# What is expected
For every record below, repeat the text exactly and pass over any image.

(Dataset Opens)

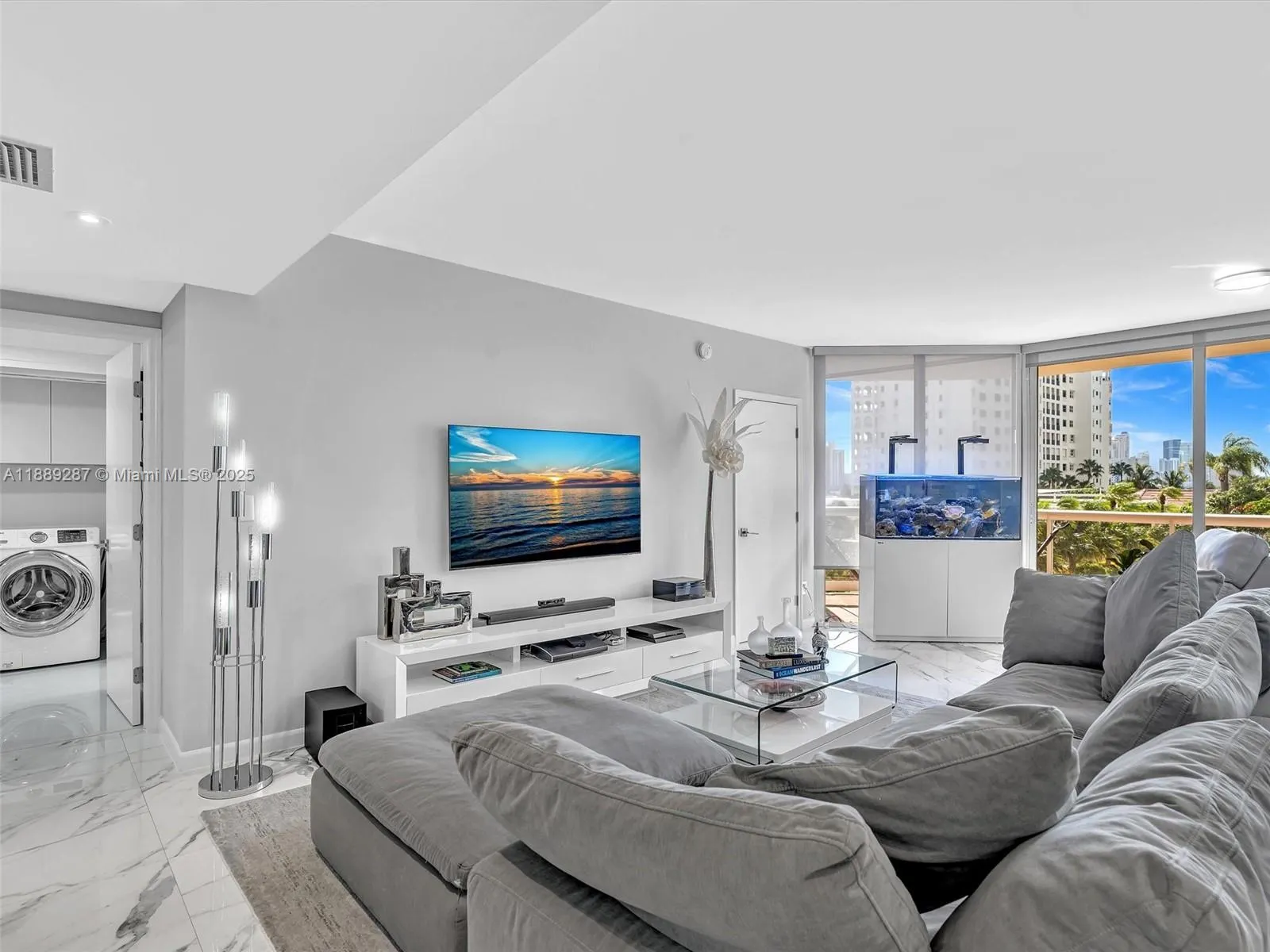 20191 E Country Club Dr, #511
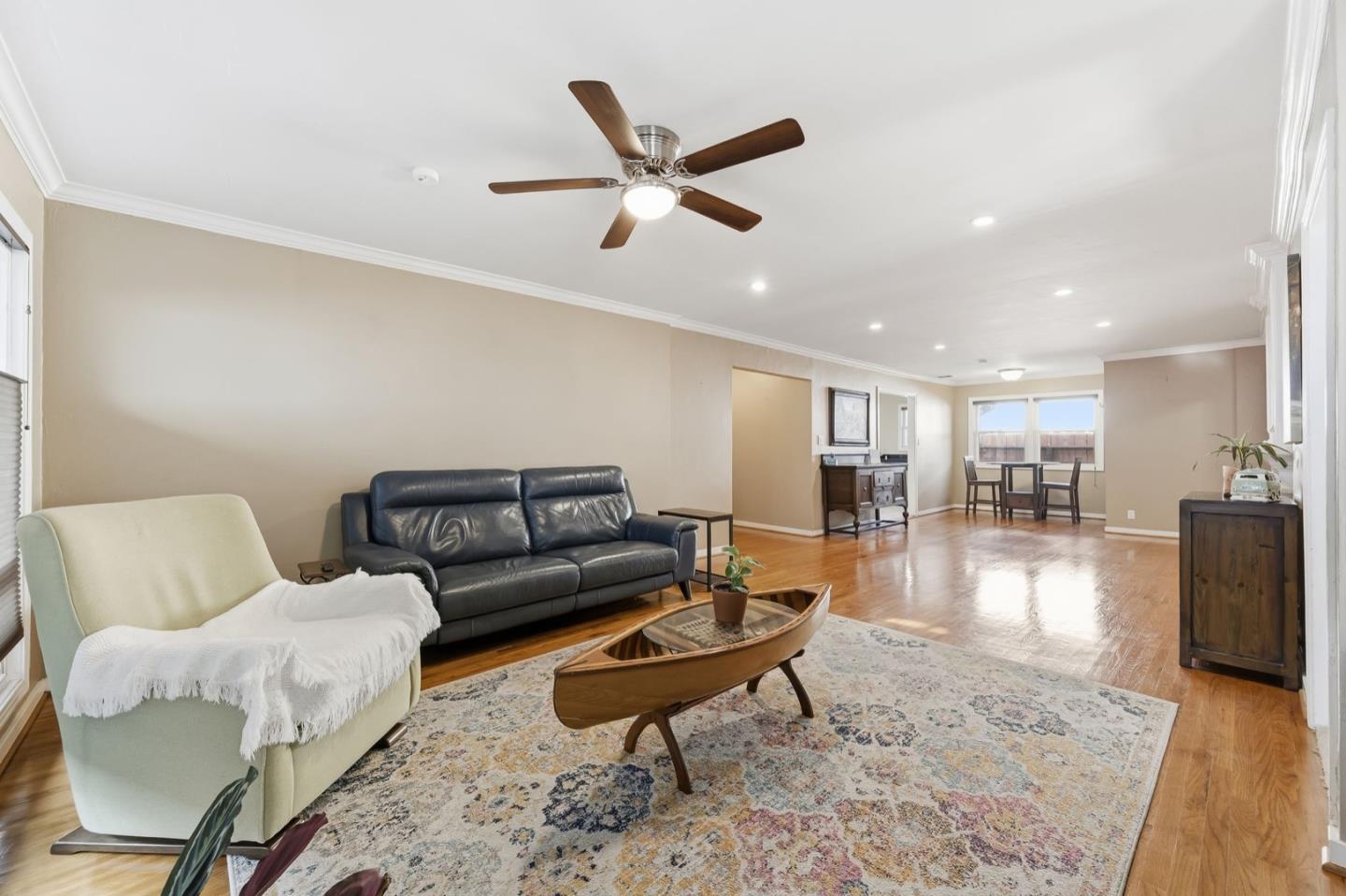 Detail Gallery Image 19 of 36 For 976 2nd Ave, Redwood City,  CA 94063 - 4 Beds | 2 Baths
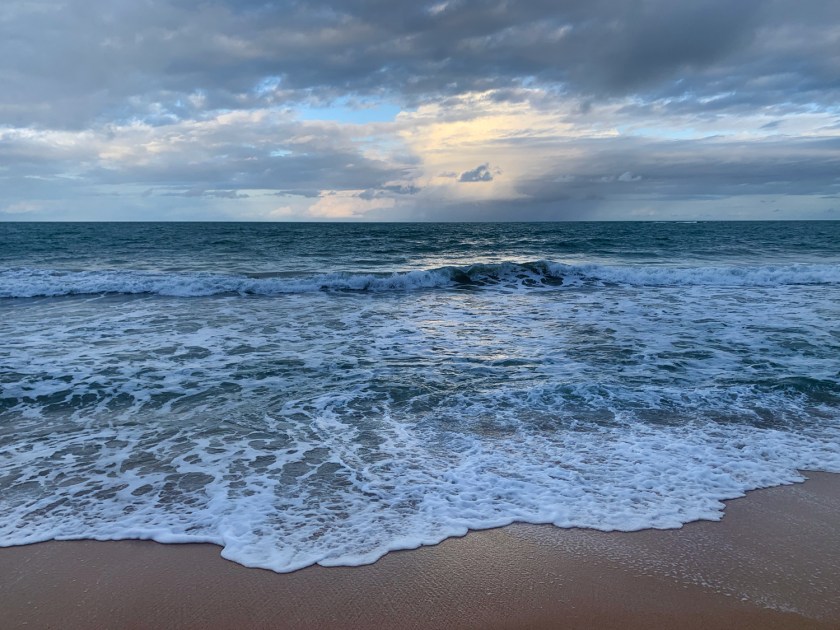 Praia em dia de chuva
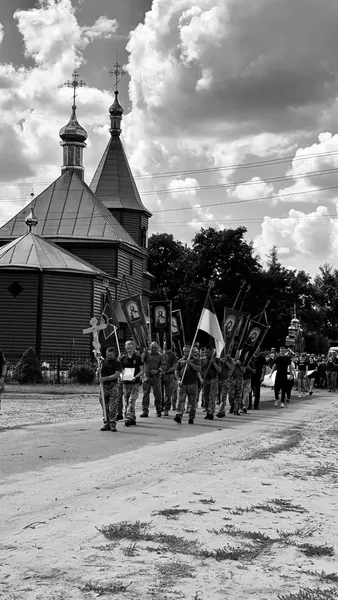 На Волині попрощалися із загиблим воїном Дмитром Калінчуком (фото)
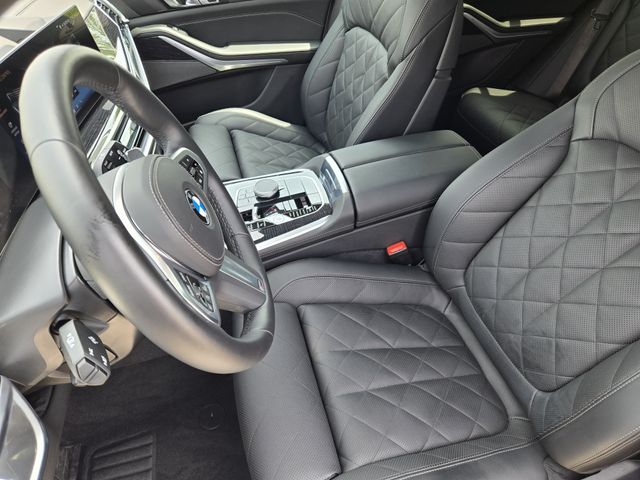 Thumbnail: 2026 BMW X5 - 12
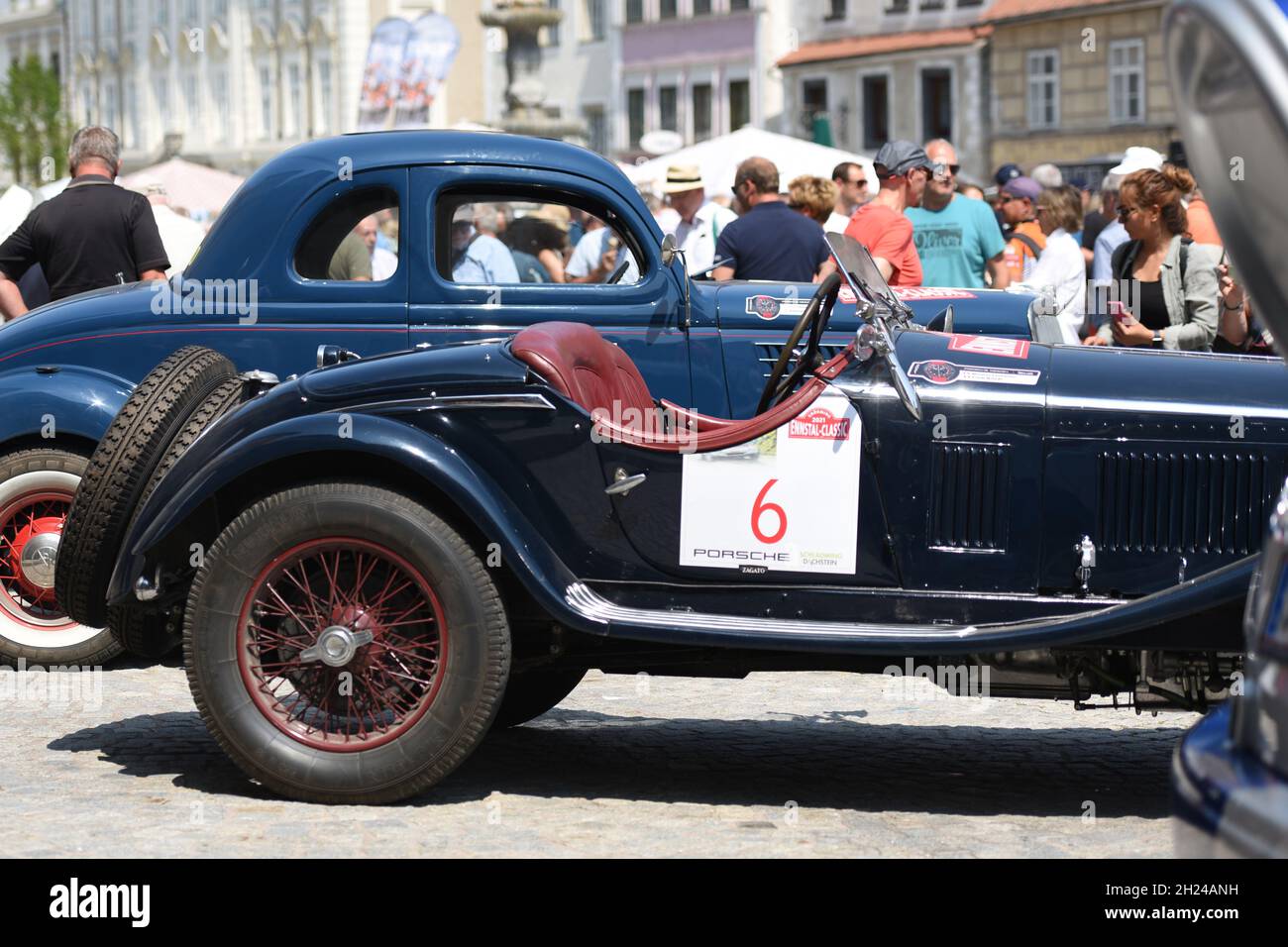 Die Ennstal-Classic ist eine der bekanntesten Oldtimer-Rallyes in Österreich und Europa für historische Automobile - l'Ennstal-Classic è uno dei due Foto Stock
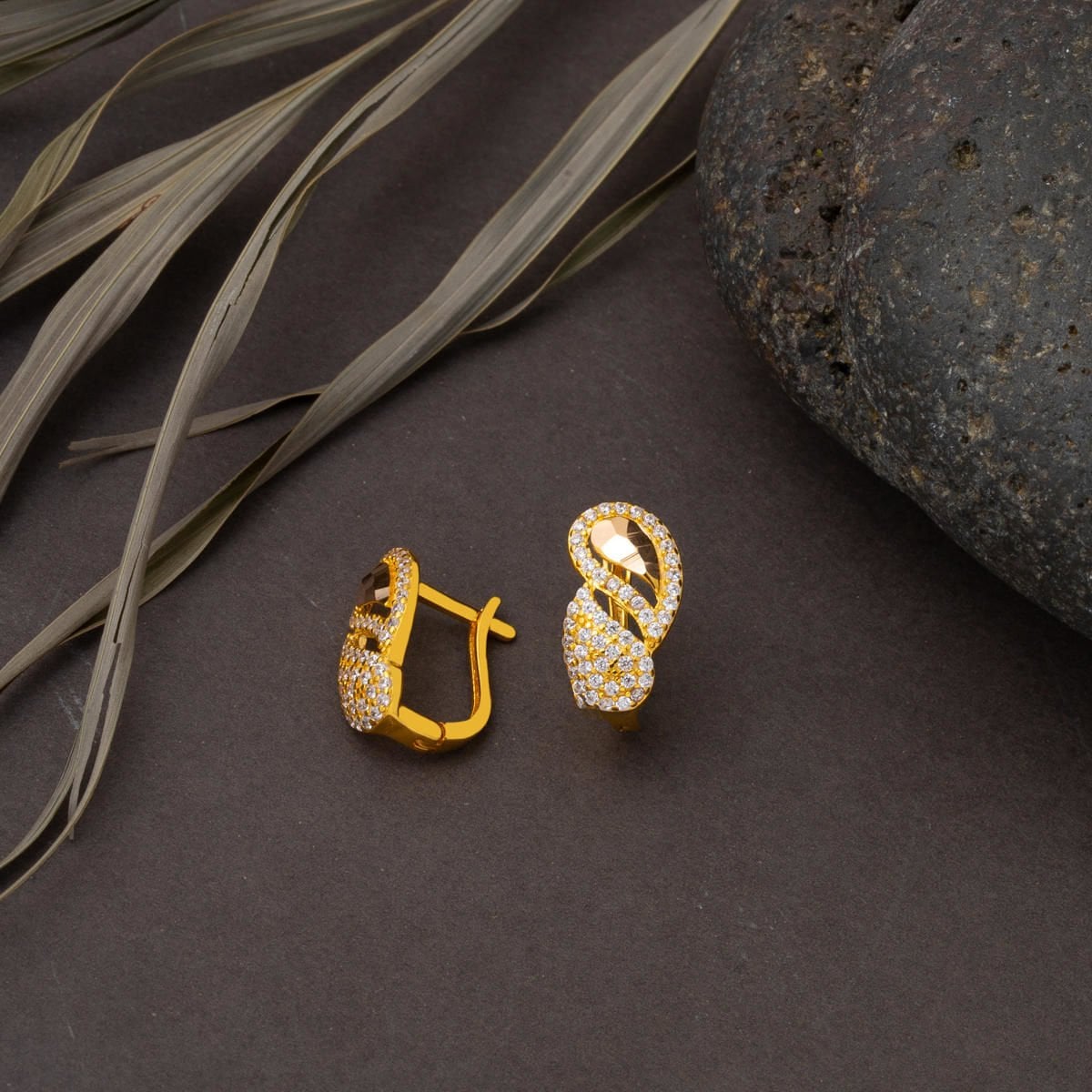 14K Yellow Gold Teardrop Cubic Zirconia Earrings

(Dataset Closes)

# Output for this exercise
 20191 E Country Club Dr, #511
 Detail Gallery Image 19 of 36 For 976 2nd Ave, Redwood City,  CA 94063 - 4 Beds | 2 Baths
 Praia em dia de chuva
 На Волині попрощалися із загиблим воїном Дмитром Калінчуком (фото)
 Thumbnail: 2026 BMW X5 - 12
 Die Ennstal-Classic ist eine der bekanntesten Oldtimer-Rallyes in Österreich und Europa für historische Automobile - l'Ennstal-Classic è uno dei due Foto Stock
 14K Yellow Gold Teardrop Cubic Zirconia Earrings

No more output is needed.